↓↓↓

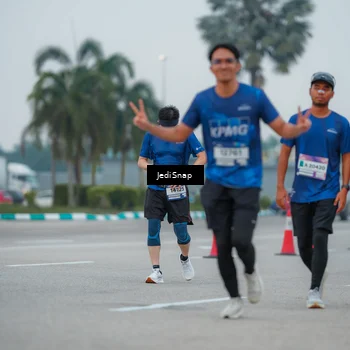 Runner Photo 7533822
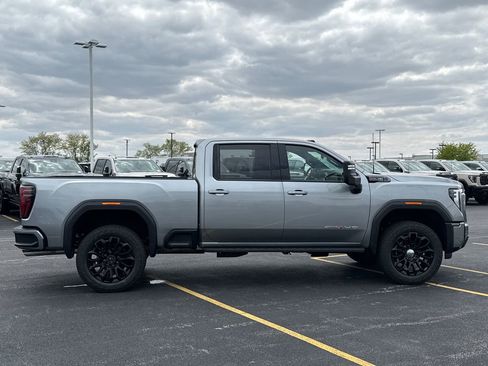 New 2026 GMC Sierra 2500 AT4 w/ AT4 Premium Plus Package AWD/4WD image 10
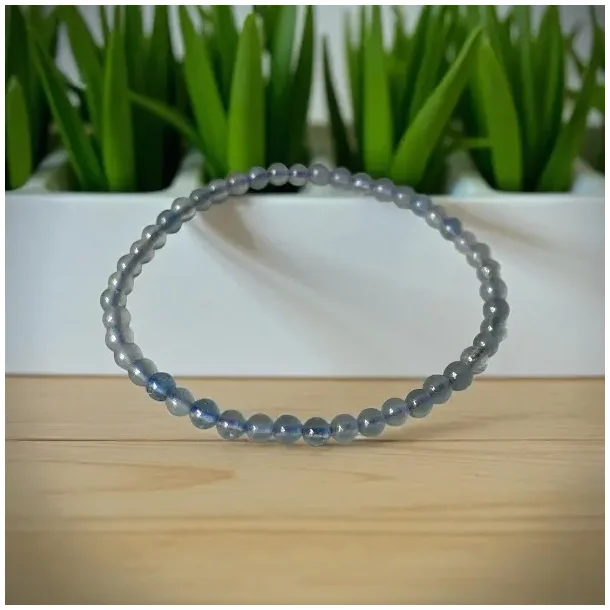 Elastisk akvamarin krystalarmbnd 4 mm  passer til hndled 16,5-18,5 cm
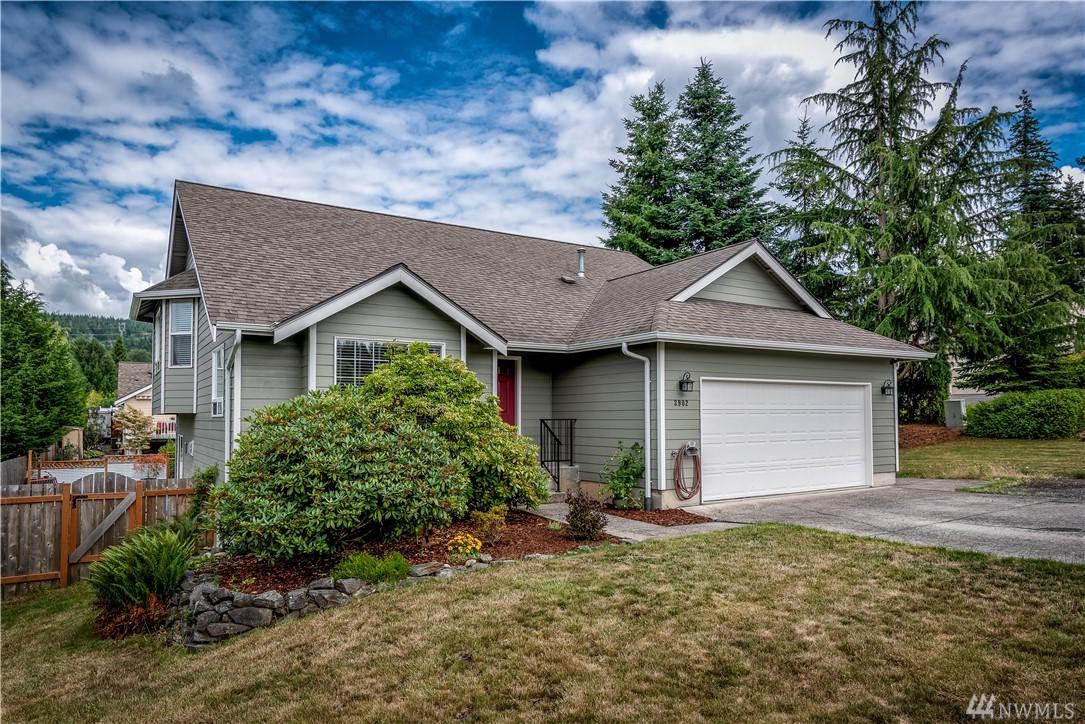 3902 Tamarack Road - Photo 1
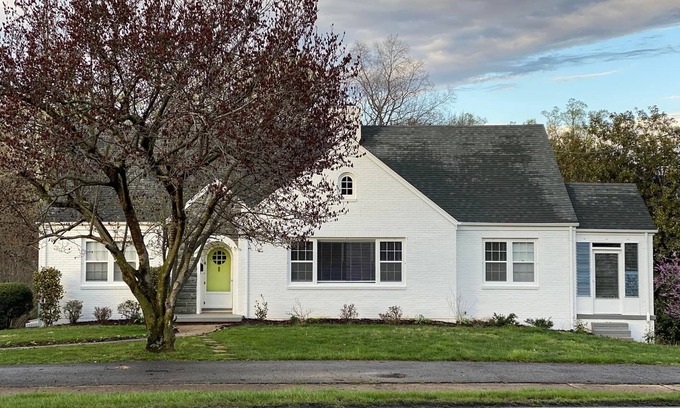 Boonsboro House | Quiet, Tastefully Decorated 3 BR/2 Bath Home Close To Everything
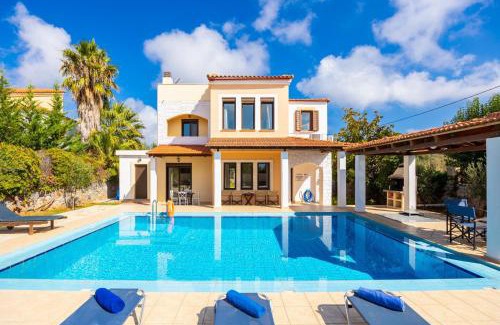 Kefalas Villa | Tranquil Stay at Ekklisies Tria with Pool & Family-Friendly Amenities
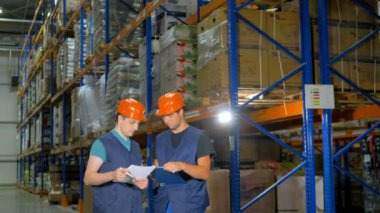 İki ambarı işçilerin kendi notlarımızı karşılaştırmak.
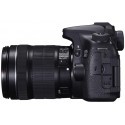 Canon EOS 70D корпус + 18-135 мм IS STM Kit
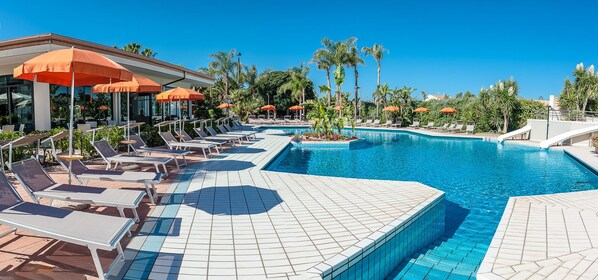 Seasonal outdoor pool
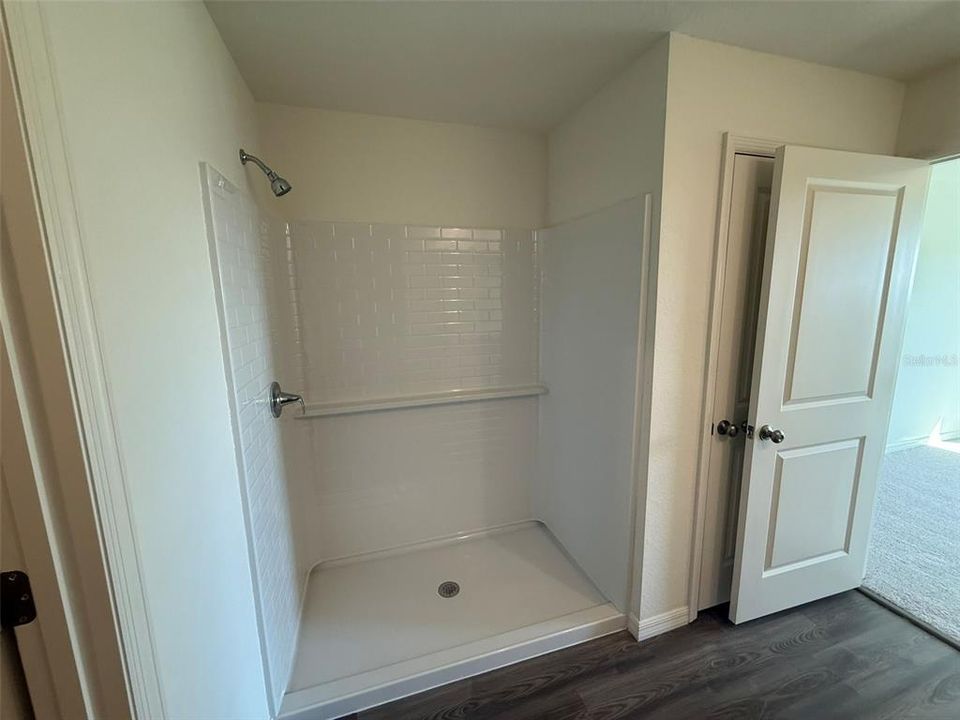 For Rent: $1,995 (3 beds, 2 baths, 2066 Square Feet)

↑↑↑

The listing above needs to be output again exactly. Don't include the pictures.

 Runner Photo 7533822
 New 2026 GMC Sierra 2500 AT4 w/ AT4 Premium Plus Package AWD/4WD image 10
 Elastisk akvamarin krystalarmbnd 4 mm  passer til hndled 16,5-18,5 cm
 3902 Tamarack Road - Photo 1
 Boonsboro House | Quiet, Tastefully Decorated 3 BR/2 Bath Home Close To Everything
 Kefalas Villa | Tranquil Stay at Ekklisies Tria with Pool & Family-Friendly Amenities
 İki ambarı işçilerin kendi notlarımızı karşılaştırmak.
 Canon EOS 70D корпус + 18-135 мм IS STM Kit
 Seasonal outdoor pool
 For Rent: $1,995 (3 beds, 2 baths, 2066 Square Feet)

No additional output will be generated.